A Rational Cosmology: Instantaneous Velocities as a Means for Describing Motion

This is Essay XXXV of Mr. Stolyarov's series, "A Rational Cosmology," which seeks to present objective, absolute, rationally grounded views of terms such as universe, matter, volume, space, time, motion, sound, light, forces, fields, and even the higher-order concepts of life, consciousness, and volition. See the index of all the essays in "A Rational Cosmology" here.

Precisely what an instantaneous velocity describes is no mere technicality -- it is essential to our knowledge of what motion is and how to take account of it.

The human perception of time is analog: men view time's accumulation as a continuous flow rather than a series of discrete instants -- all the better for it, of course, because there is an inexhaustible number of temporal coordinates between any two points on a linear time scale, and, were we to perceive time in discrete quanta (as some empiricist-positivist devotees of that twentieth-century doctrine known as "quantum mechanics" suggest), it would take us an infinite amount of time to perceive any finite span of time, however small, which would result in an evident logical contradiction.

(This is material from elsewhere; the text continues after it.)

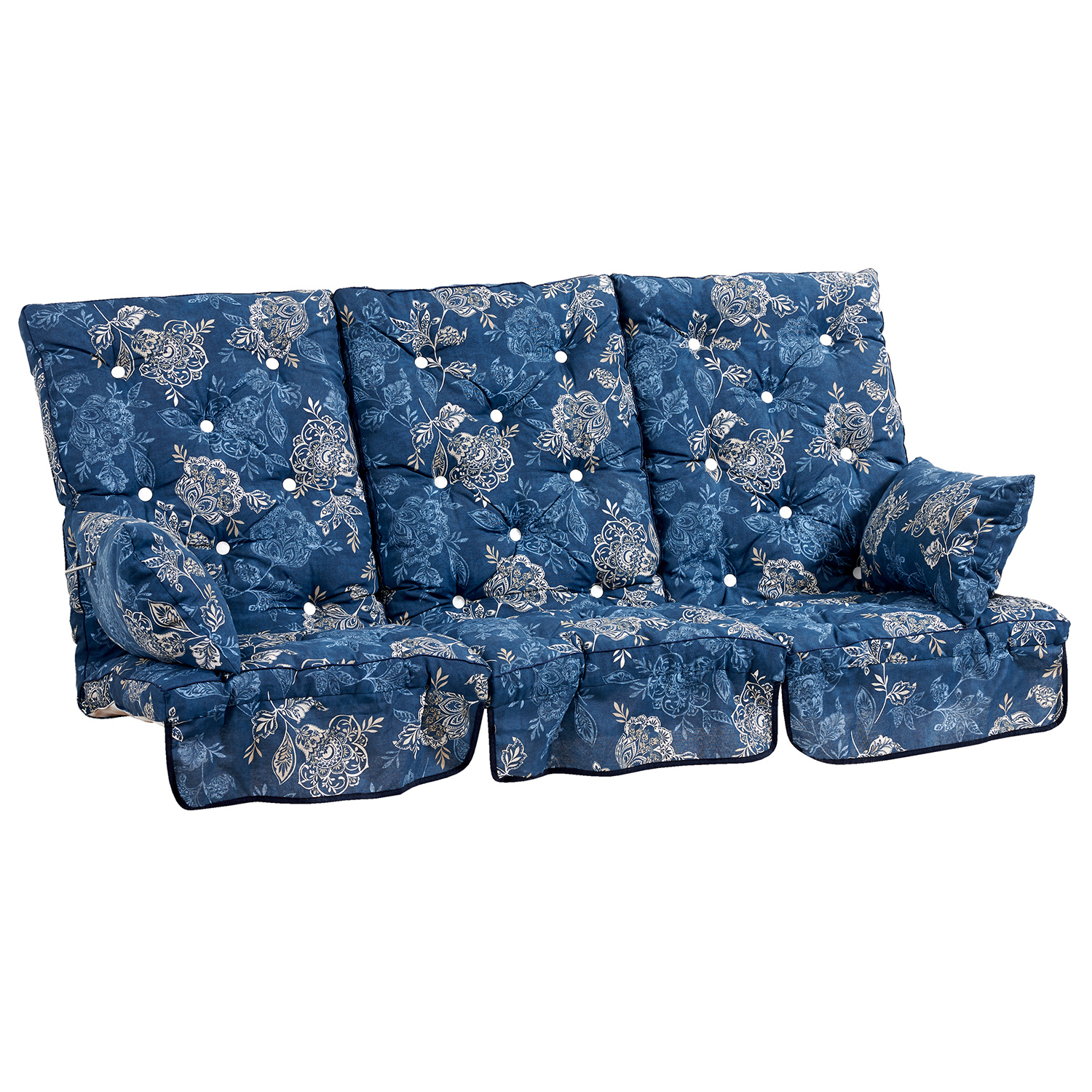 Hammockdynor Fritab Hög Flock Utomhus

Because we cannot perceive any single instant of time, or what happens during it, we can only explain an entity's state during said instant by the model of Newtonian calculus, which extrapolates that behavior onto an analog interval of time, an interval that is accessible to human comprehension.

This is the reason why the graph of a function's derivative at a given point is the straight line tangent to that point. The tangent line most often does not correspond with the graph of the motion itself, as rates of motion tend to change for most moving objects, but it allows us insight into what course the object follows at the point along the graph to which the tangent line is drawn.